Large eddy simulation of hydrogen-air premixed flames in a small scale combustion chamber

While hydrogen is attractive as a clean fuel, it poses a significant risk due to its high-reactivity. This paper presents Large Eddy Simulations (LES) of turbulent premixed flames of hydrogen-air mixtures propagating in a small scale combustion chamber. The sub-grid-scale model for reaction rate uses a dynamic procedure for calculating the flame/flow interactions. Sensitivity of the results to the ignition source and to different flow configurations is examined. Using the relevant parameter from the calculations, the flames are located on the regimes of combustion and are found to span the thin and corrugated flamelet regimes, hence confirming the validity of flamelet modelling.
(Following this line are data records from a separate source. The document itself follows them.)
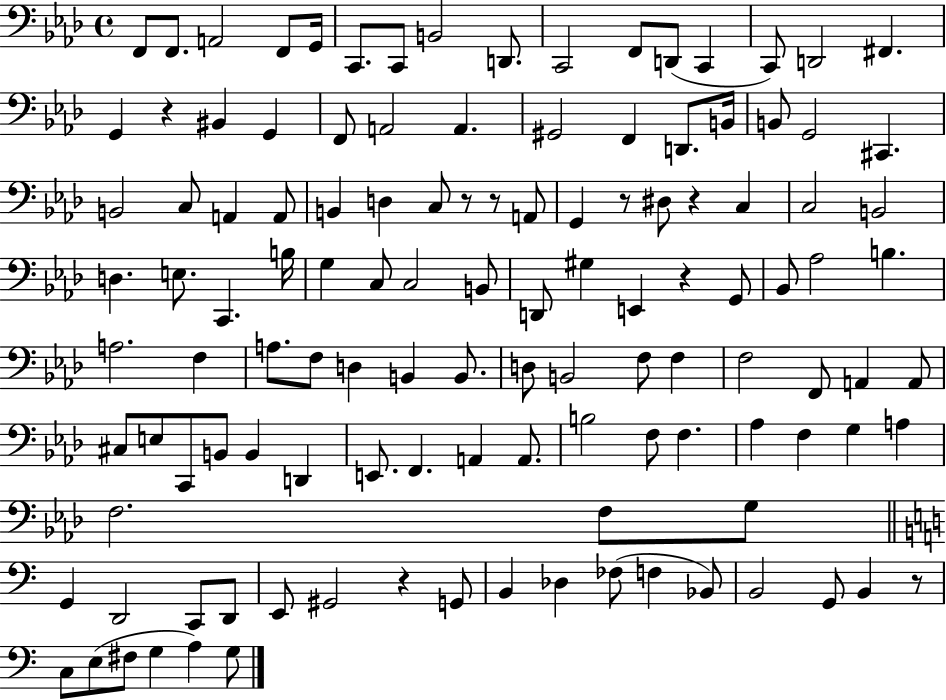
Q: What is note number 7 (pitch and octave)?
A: C2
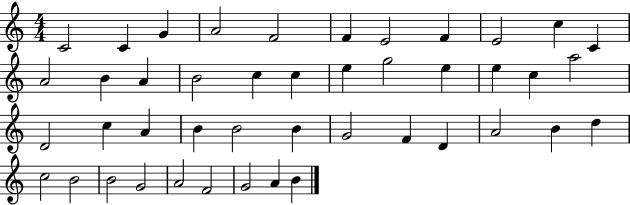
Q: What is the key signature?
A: C major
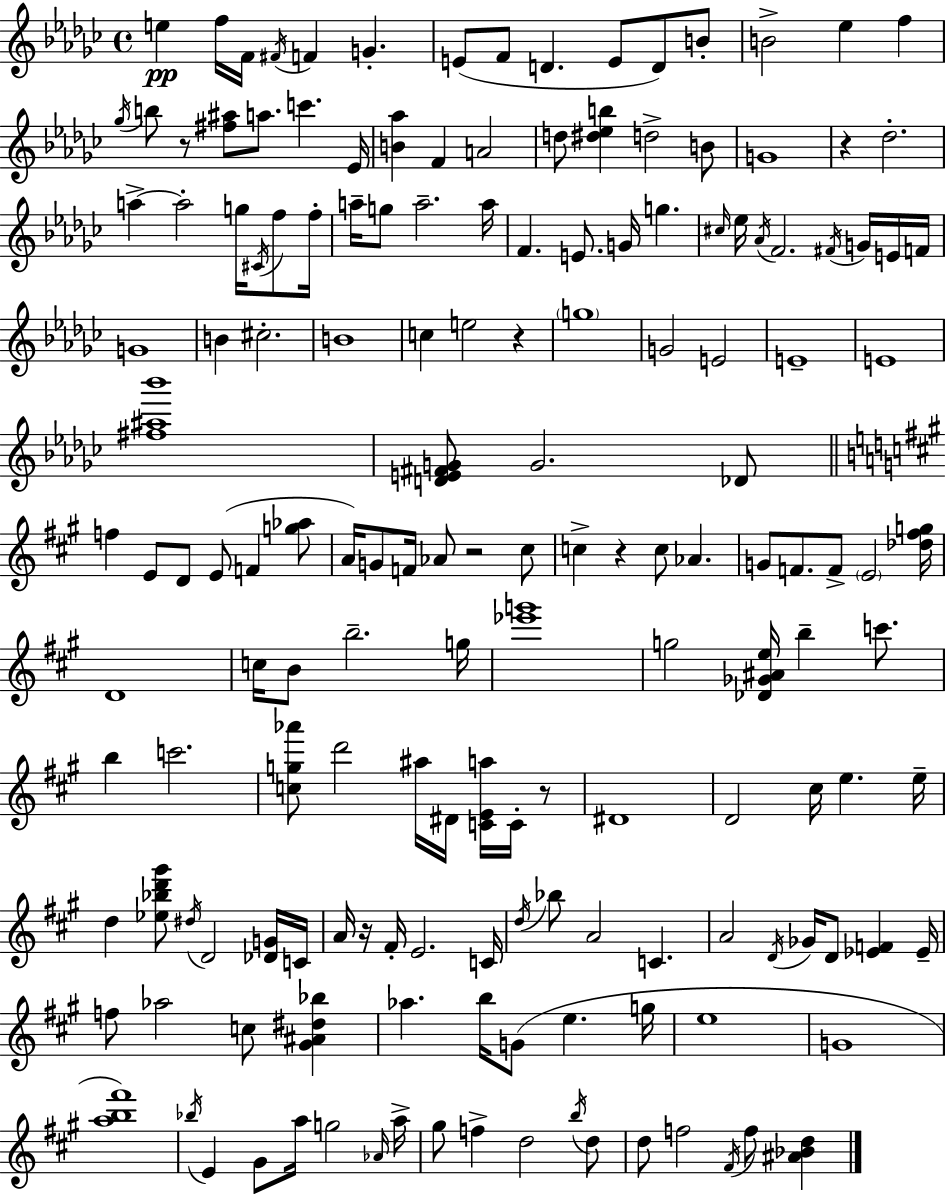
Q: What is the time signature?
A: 4/4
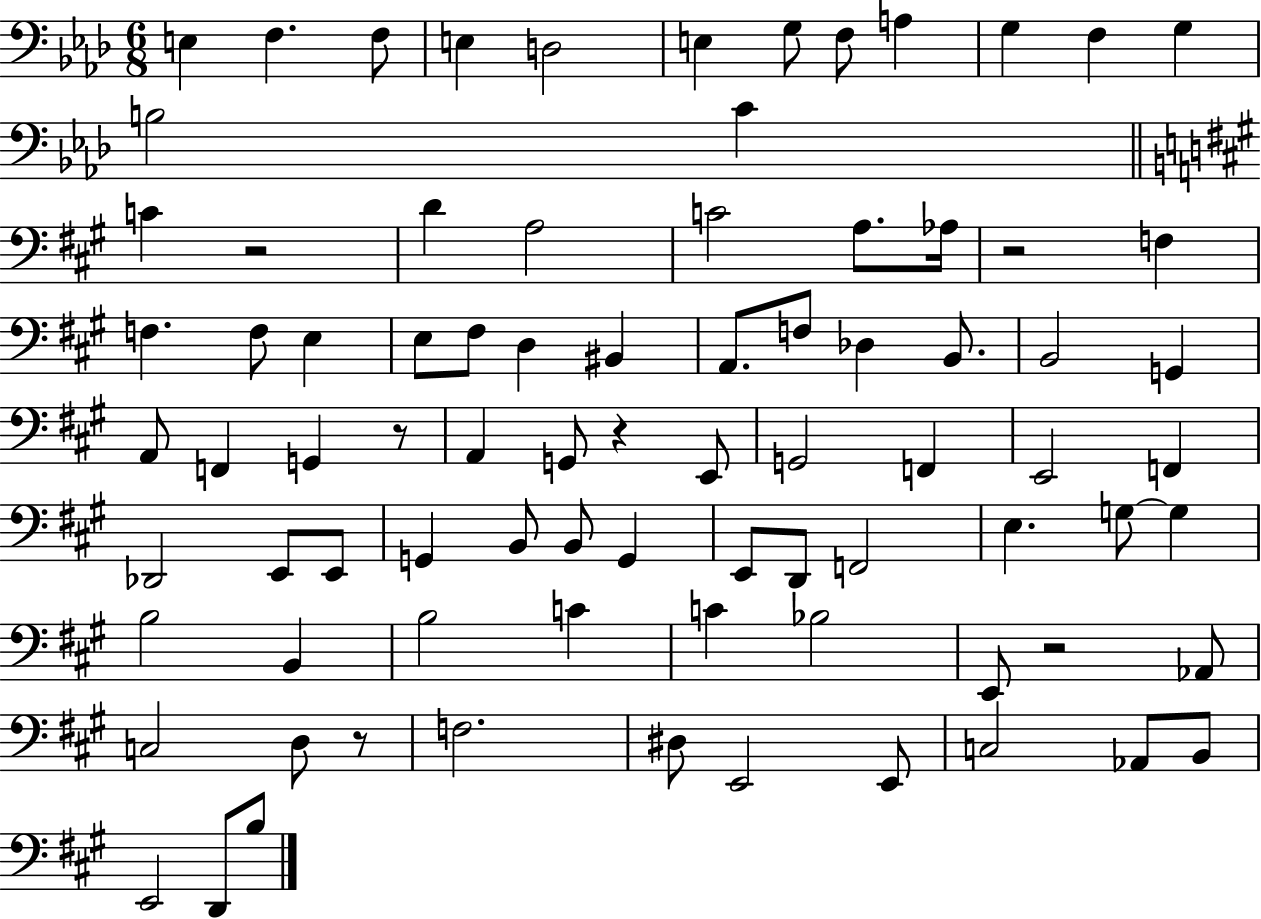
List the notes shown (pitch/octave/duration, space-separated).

E3/q F3/q. F3/e E3/q D3/h E3/q G3/e F3/e A3/q G3/q F3/q G3/q B3/h C4/q C4/q R/h D4/q A3/h C4/h A3/e. Ab3/s R/h F3/q F3/q. F3/e E3/q E3/e F#3/e D3/q BIS2/q A2/e. F3/e Db3/q B2/e. B2/h G2/q A2/e F2/q G2/q R/e A2/q G2/e R/q E2/e G2/h F2/q E2/h F2/q Db2/h E2/e E2/e G2/q B2/e B2/e G2/q E2/e D2/e F2/h E3/q. G3/e G3/q B3/h B2/q B3/h C4/q C4/q Bb3/h E2/e R/h Ab2/e C3/h D3/e R/e F3/h. D#3/e E2/h E2/e C3/h Ab2/e B2/e E2/h D2/e B3/e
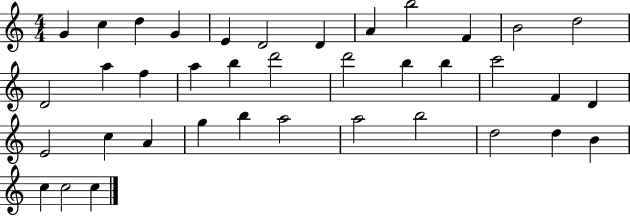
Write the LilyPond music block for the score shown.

{
  \clef treble
  \numericTimeSignature
  \time 4/4
  \key c \major
  g'4 c''4 d''4 g'4 | e'4 d'2 d'4 | a'4 b''2 f'4 | b'2 d''2 | \break d'2 a''4 f''4 | a''4 b''4 d'''2 | d'''2 b''4 b''4 | c'''2 f'4 d'4 | \break e'2 c''4 a'4 | g''4 b''4 a''2 | a''2 b''2 | d''2 d''4 b'4 | \break c''4 c''2 c''4 | \bar "|."
}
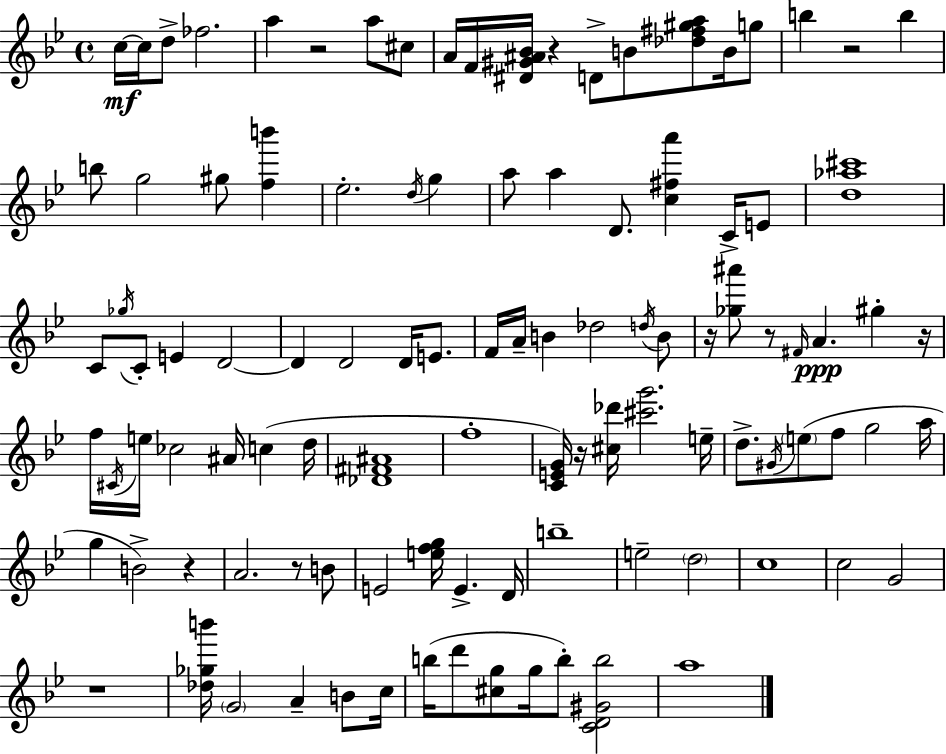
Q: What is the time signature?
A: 4/4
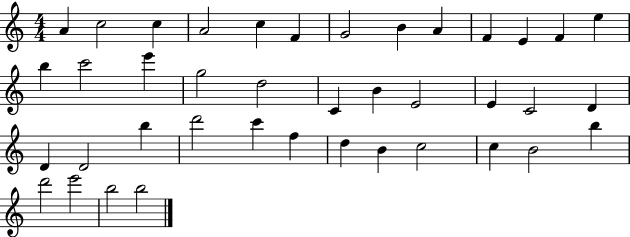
X:1
T:Untitled
M:4/4
L:1/4
K:C
A c2 c A2 c F G2 B A F E F e b c'2 e' g2 d2 C B E2 E C2 D D D2 b d'2 c' f d B c2 c B2 b d'2 e'2 b2 b2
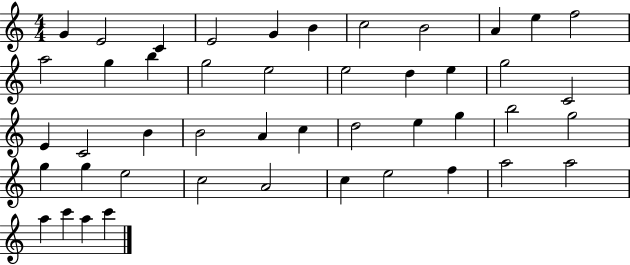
G4/q E4/h C4/q E4/h G4/q B4/q C5/h B4/h A4/q E5/q F5/h A5/h G5/q B5/q G5/h E5/h E5/h D5/q E5/q G5/h C4/h E4/q C4/h B4/q B4/h A4/q C5/q D5/h E5/q G5/q B5/h G5/h G5/q G5/q E5/h C5/h A4/h C5/q E5/h F5/q A5/h A5/h A5/q C6/q A5/q C6/q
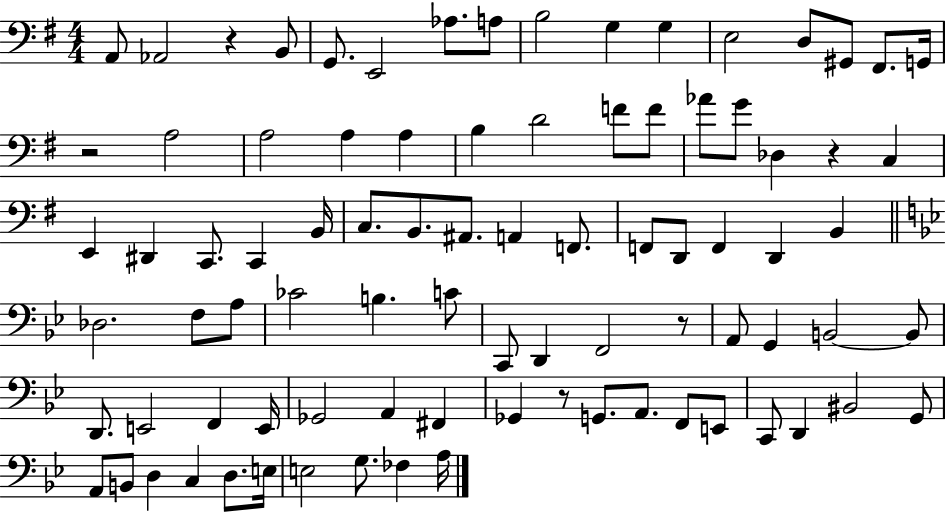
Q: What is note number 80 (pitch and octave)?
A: FES3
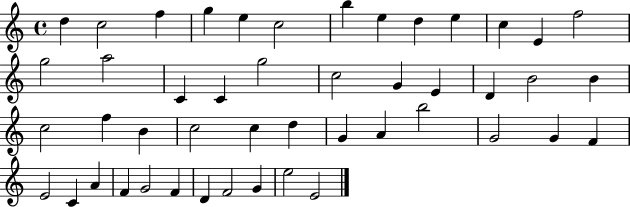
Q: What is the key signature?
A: C major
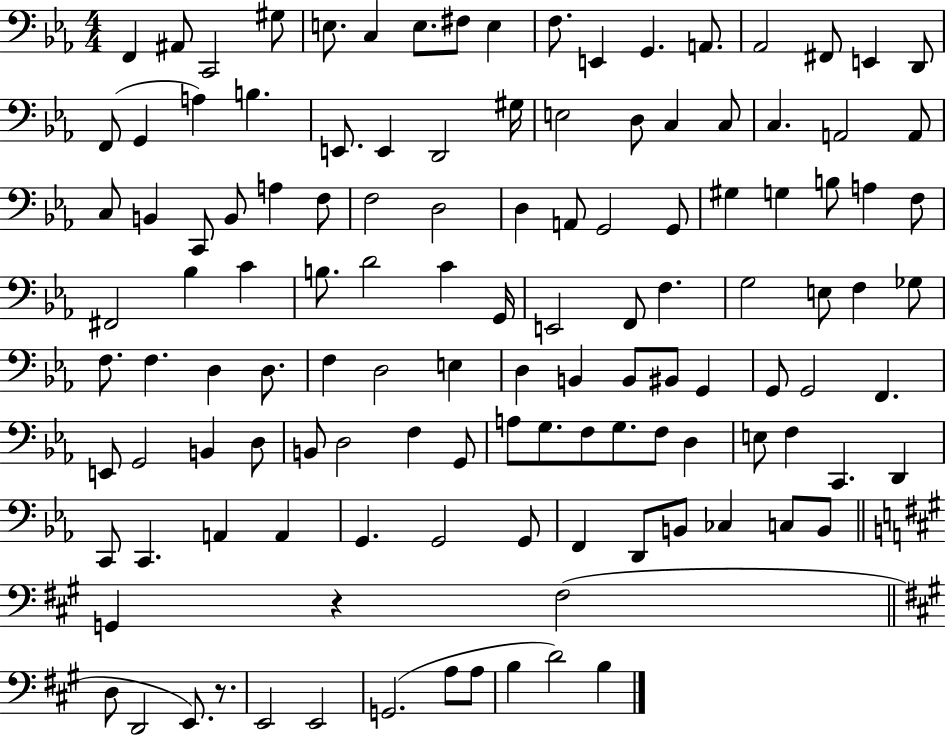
{
  \clef bass
  \numericTimeSignature
  \time 4/4
  \key ees \major
  f,4 ais,8 c,2 gis8 | e8. c4 e8. fis8 e4 | f8. e,4 g,4. a,8. | aes,2 fis,8 e,4 d,8 | \break f,8( g,4 a4) b4. | e,8. e,4 d,2 gis16 | e2 d8 c4 c8 | c4. a,2 a,8 | \break c8 b,4 c,8 b,8 a4 f8 | f2 d2 | d4 a,8 g,2 g,8 | gis4 g4 b8 a4 f8 | \break fis,2 bes4 c'4 | b8. d'2 c'4 g,16 | e,2 f,8 f4. | g2 e8 f4 ges8 | \break f8. f4. d4 d8. | f4 d2 e4 | d4 b,4 b,8 bis,8 g,4 | g,8 g,2 f,4. | \break e,8 g,2 b,4 d8 | b,8 d2 f4 g,8 | a8 g8. f8 g8. f8 d4 | e8 f4 c,4. d,4 | \break c,8 c,4. a,4 a,4 | g,4. g,2 g,8 | f,4 d,8 b,8 ces4 c8 b,8 | \bar "||" \break \key a \major g,4 r4 fis2( | \bar "||" \break \key a \major d8 d,2 e,8.) r8. | e,2 e,2 | g,2.( a8 a8 | b4 d'2) b4 | \break \bar "|."
}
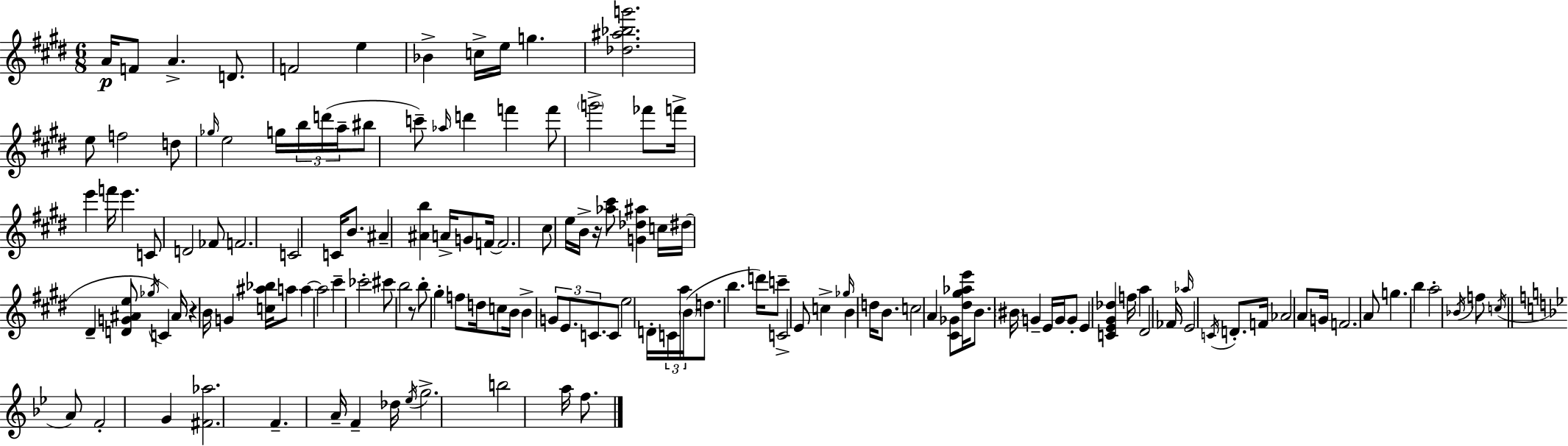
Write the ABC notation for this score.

The calculations are compared to published experimental data for a similar configuration. It is found that both the peak overpressure and flame position are affected by the number of baffles positioned in the path of the flame and this is consistent with earlier findings for hydrocarbon fuels. Also, the LES technique is able to reproduce the same flame shape as the experimental images. A coarse study of sensitivity to the ignition source shows that the size of the ignition kernel does not affect the flame structure but influences only the time where the peak overpressure appears while moving the ignition source away from the base plate leads to a decrease in the peak overpressure.